Air lock in pipework

Solving the Problem of Air Locks in Your Pipework

If you’ve gone to turn on a faucet, but you’ve been confronted with no water flow and, instead, just a series of gurgling and spitting noises then it’s likely that you’re going to be facing one of two problems:

  • The water supply has gone off in your area
  • You’ve got an air lock in your pipework

Now, the first problem leaves you with little choice but to wait for the water company to rectify it. However, with a little bit of plumbing skill, the second problem can easily be solved without having to call out a plumber, but what is an air lock?

Well, as gas is less dense than a liquid, it will rise to any available high points in the presence of liquid. This means that if any type of gas sneaks into your plumbing, it’s going to create a blockage for any flowing liquids, hence, the lack of water when you open the faucet.

Thankfully, there are a couple of ways that you can solve the problem of air locks in your pipework.

air lock hose pipe1. Get Connected With a Hosepipe

Make sure you’ve got a hosepipe to hand with the relevant connectors to fit to your faucets. Once you have this, get started by connecting the hosepipe to the waterless faucet. You then need to locate a working faucet and connect the other end of the hosepipe to this.

It’s then a simple case of turning the faulty faucet on followed by turning the working faucet on. The force of the water pressure from the working faucet will dislodge the airlock from the faulty faucet and help establish its water flow once more.

Bear in mind that this isn’t an instant fix despite the rapid movement of the water. It may take several minutes to force out the airlock, so don’t give up straightaway. And, in order to avoid creating a vacuum and another airlock, make sure you remove the hosepipe from the highest faucet first.

All that’s left to do is drain away the water in the hosepipe and everything should be back to normal.

2. Draining the System

The hosepipe method is relatively quick and simple, but unfortunately it won’t always work on more stubborn air locks. And, when this happens, you need to approach the problem from a different angle and drain all of the pipework in your plumbing system to ensure the air lock is eliminated.

It certainly sounds complicated, but you’ll be pleased to hear that, with a bit of confidence, any home owner should be able to tackle this task.

stopcockYou’ll need to start by locating the stopcock for your house as this allows you to turn off the water supply to your house. Once you’ve disabled the water supply, you should turn on all the faucets in your house – make sure you start off with the highest faucets first as gravity will help to drain them effectively.

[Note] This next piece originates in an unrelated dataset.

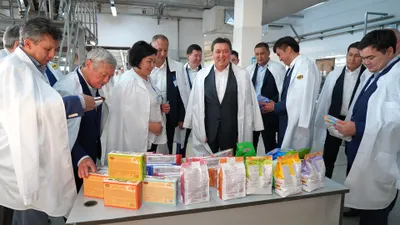 Аскар Мамин посетил крупные предприятия Шымкента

Gradually, you should find that the water flow from your faucets runs down to a mere trickle before stopping entirely. Also, make sure you flush your toilets several times to eliminate all water from your system. At this point, you should turn your taps almost all the way off, but not so much that no water can flow through.

You can now revisit your stopcock and turn the water supply back on. However, you need to take your time here and turn your faucets open to a half open position slowly to prevent any more air locks forming. Eventually, you should turn the faucets fully open in order to eliminate the air lock completely.